## What the exercise asks
Line by line, repeat the material below exactly and leave the images out.

## Information provided
═══
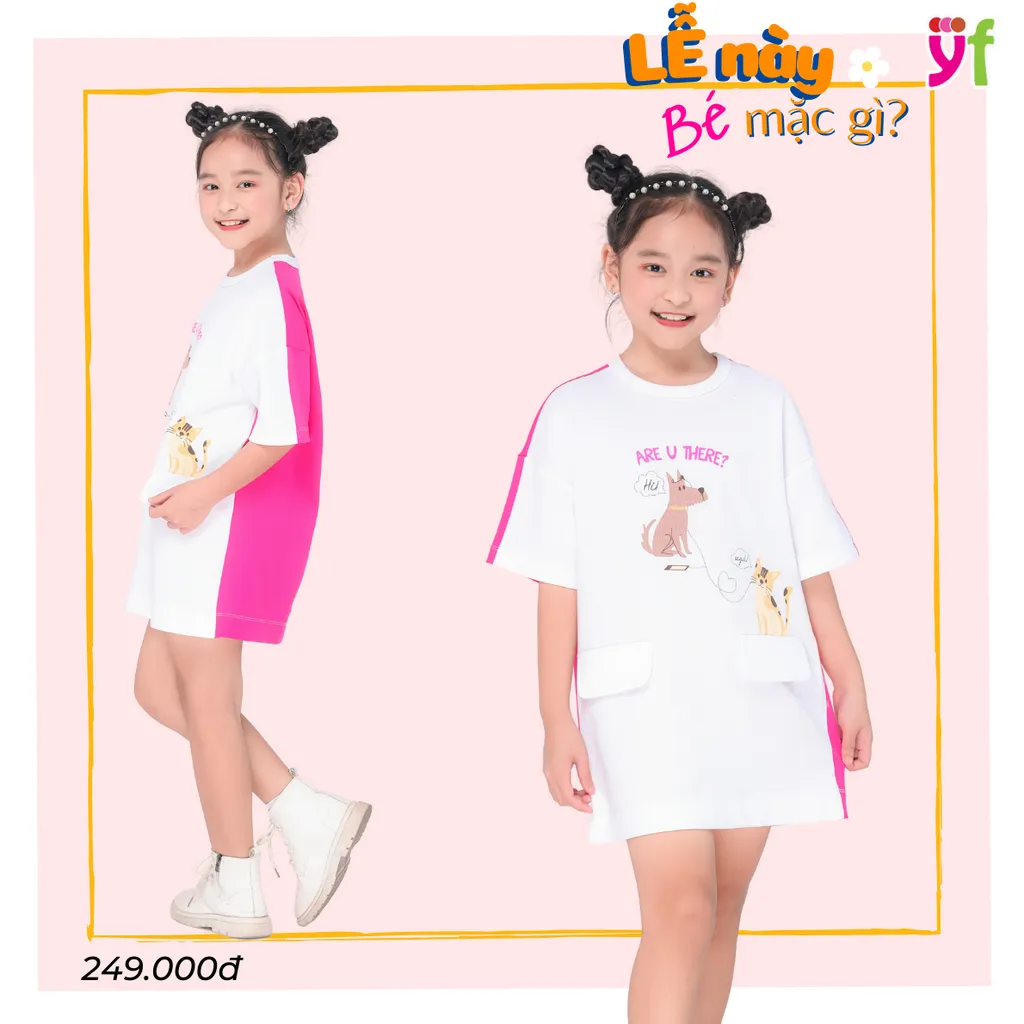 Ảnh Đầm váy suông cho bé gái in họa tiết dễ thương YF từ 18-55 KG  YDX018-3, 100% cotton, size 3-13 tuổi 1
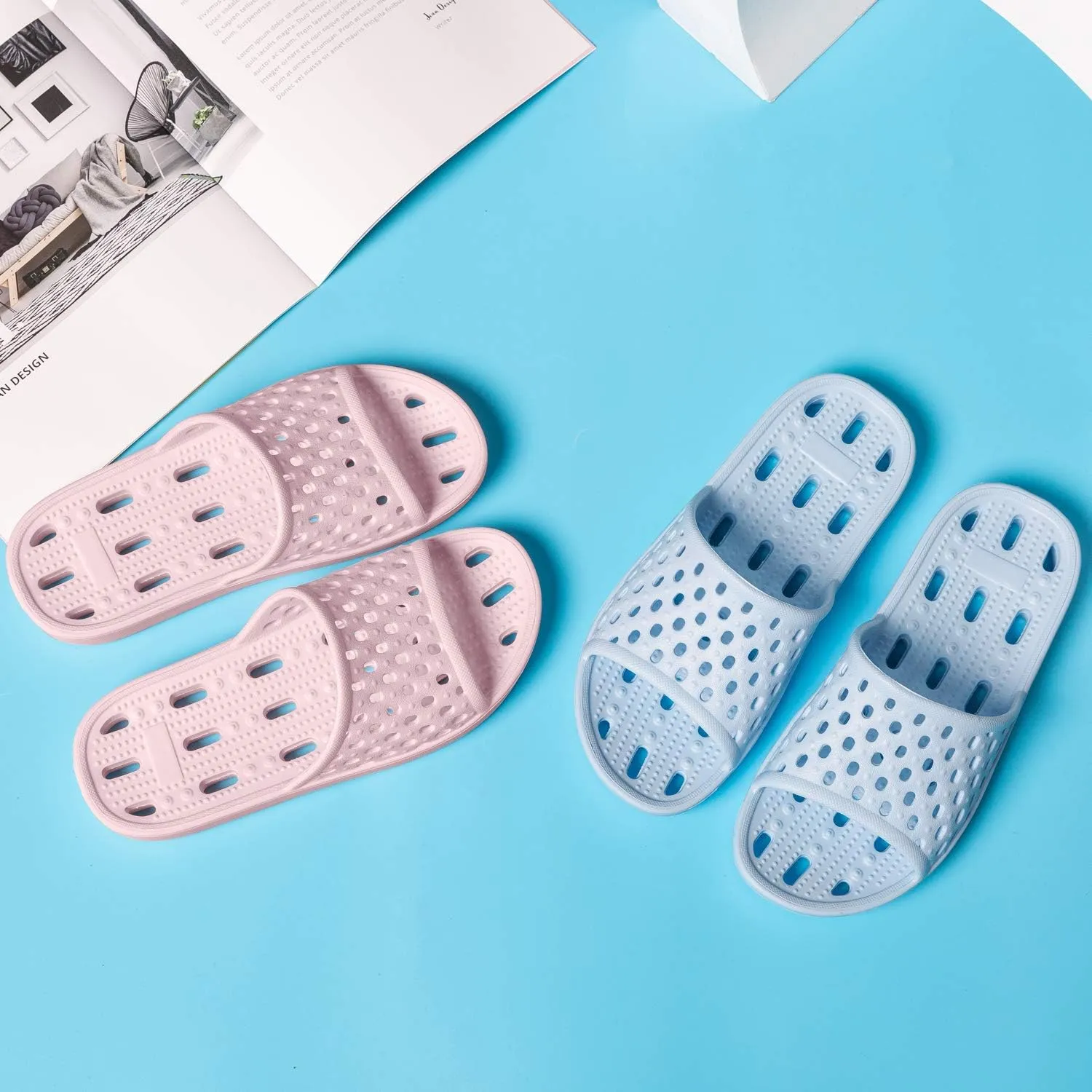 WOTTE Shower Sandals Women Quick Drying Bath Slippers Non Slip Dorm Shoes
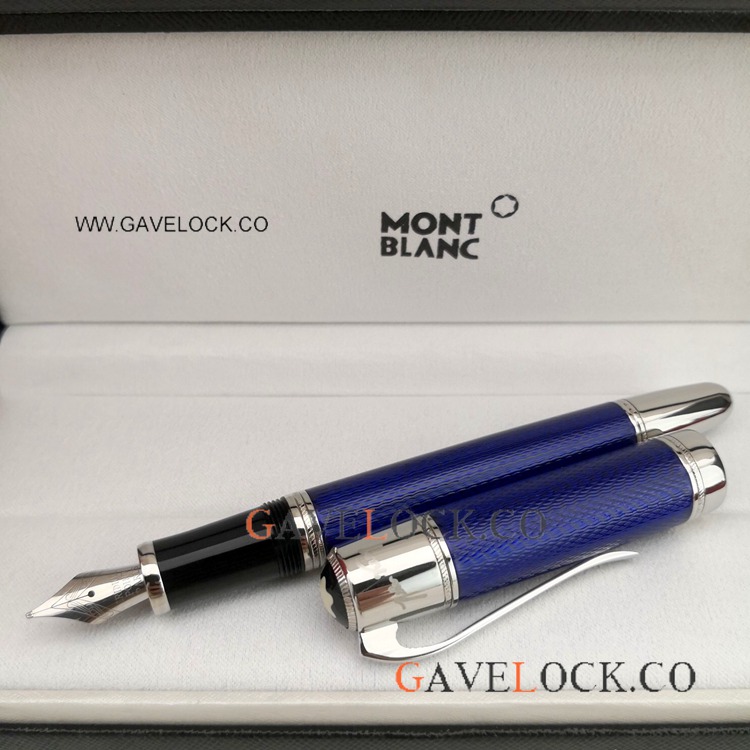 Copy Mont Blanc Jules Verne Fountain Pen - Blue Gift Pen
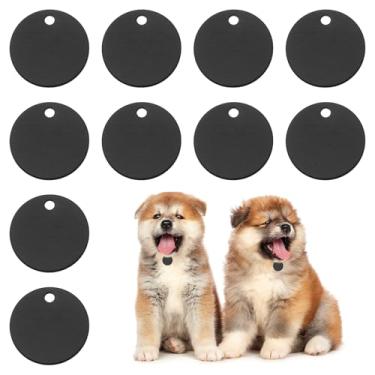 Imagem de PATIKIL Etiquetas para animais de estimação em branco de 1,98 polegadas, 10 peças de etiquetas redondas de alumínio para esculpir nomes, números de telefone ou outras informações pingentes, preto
═══
## Reply to the task
 Ảnh Đầm váy suông cho bé gái in họa tiết dễ thương YF từ 18-55 KG  YDX018-3, 100% cotton, size 3-13 tuổi 1
 WOTTE Shower Sandals Women Quick Drying Bath Slippers Non Slip Dorm Shoes
 Copy Mont Blanc Jules Verne Fountain Pen - Blue Gift Pen
 Imagem de PATIKIL Etiquetas para animais de estimação em branco de 1,98 polegadas, 10 peças de etiquetas redondas de alumínio para esculpir nomes, números de telefone ou outras informações pingentes, preto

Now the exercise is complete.